Max Ozor knows he’s a lucky man. “It’s the mystery of life to feel this good,” the trim, fit, 82-year-old says.

Ozor, known as the “planking grandpa” for his ability to hold the plank exercise position for 15 minutes, was once close to death due to congestive heart failure. Over the course of two decades, he had a series of heart attacks, quadruple bypass surgery and was on the waiting list for a heart transplant. He got some good news in 1999: a donor heart was available. He had the transplant and has made the most of the new lease on life it has given him. 

On September 30, the Mount Pleasant man will join other heart patients and supporters for the Lowcountry Heart Walk at Riverfront Park in North Charleston. The event raises money to help fight heart disease and stroke. Ozor has a particular interest in one aspect of that day: a planking contest. He started planking after reading about another athletic octogenarian in the newspaper.

“This old guy from the Mount Pleasant Senior Center won a contest. He was 80. He planked for 11 minutes, and no one else was left in the contest, so he stopped. I thought, ‘What the heck is a plank?’”

Ozor did some quick research and found out it’s kind of like a push-up, only you rest on your forearms instead of your hands and hold your body in the shape of a wooden plank. 

He built up his endurance, adding planking to an exercise routine that already included an unusual way to travel the five or so miles from Mount Pleasant to the MUSC Health Transplant Center in downtown Charleston for checkups. “I’d walk across the Ravenel Bridge for my appointment. You can park under bridge and walk from there.”

MUSC Health Heart Failure Chief Ryan Tedford applauds Ozor’s healthy lifestyle and encourages other people with heart problems to get help like Ozor did. “Right now, only a small fraction of patients in South Carolina who have heart failure get a heart transplant or heart pump,” Tedford says. “It’s a lot less than in other states. We’re not reaching everyone who could benefit from these therapies.”

The MUSC Health Heart and Vascular Center has seven of the state’s nine heart failure-certified cardiologists. “We have so many interventions and medications to not only prolong the patient’s life but make them feel better and actually improve the heart function,” Tedford says.

He wants people to know about their options when it comes to treating heart failure, including:

  • Cardiac rehabilitation. “Symptoms in heart failure are not only caused by the heart not pumping well, but also due to the skeletal muscle, which fatigues more easily and becomes deconditioned.
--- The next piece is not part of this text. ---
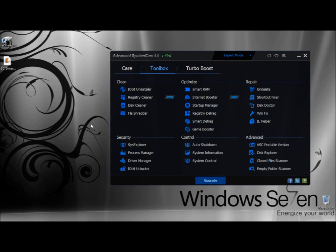Hello, in this video I'm going to show you a program that comes included in Advanced System Care's Toolbox called IObit System Control. The System Control feature allows you to customize your operating system to fit you or another user's needs. In Advanced System Care's Toolbox, it's right here under Control, so I'm going to click on it.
Patients can really feel a lot better after undergoing cardiac rehabilitation,” Tedford says.
  • Implantable monitoring devices. “We have implantable remote monitoring devices that in real time give us information about the patient’s pressure in the heart and lungs. That allows us to keep very close track of patients and make sure they’re getting the right medications. We know pressure in the lung rises before patients develop symptoms, so we can make changes to their medication as soon as we see that and prevent hospitalizations."
  • Cardiac transplantation and mechanical assist devices. "Although cardiac transplant is an excellent option for patients with severe heart failure, only about 2,500 cardiac transplants are done in the United States each year due to a shortage of suitable organs," Tedford says. "For patients who need a transplant but no organ is available, or for those who aren't candidates for transplant, we now have mechanical assist devices — also called heart pumps or LVADs — that can dramatically improve quality and duration of life. These pumps are getting better and smaller. We are the only center in the state right now that is implanting the newest heart pump, the Heartmate 3.” LVAD stands for left ventricular assist device.
  • Medication. “Medical therapy has also continued to improve. Just last year, we had a new heart failure drug approved to treat heart failure that  proved superior to previously state-of-the-art therapy,” Tedford says.

And new options are in the pipeline. “There’s incredible research being done here,” Tedford says. “There are a lot of ongoing clinical trials for both types of heart failure, where the heart doesn’t squeeze well or the heart is stiff. There is really unparalleled, high-level care that occurs at MUSC. We have every cutting-edge technology, every tool available.”

That includes technology and tools to treat other heart problems, including valve issues and arrhythmias. Whatever the problem, Tedford encourages people to get the best help available and live in ways that are good for the heart. “The big things are eating healthy, getting regular exercise, avoiding tobacco, seeing a primary care doctor who’s going to check your cholesterol and blood pressure. Control those risk factors.”

Ozor is open about the fact that he was not always healthy. He drank too much alcohol and smoked. “My lifestyle was awful,” he says. 

Not anymore. “I have a 33-inch waist now, and it was 32 when I was younger. I couldn’t imagine feeling better.”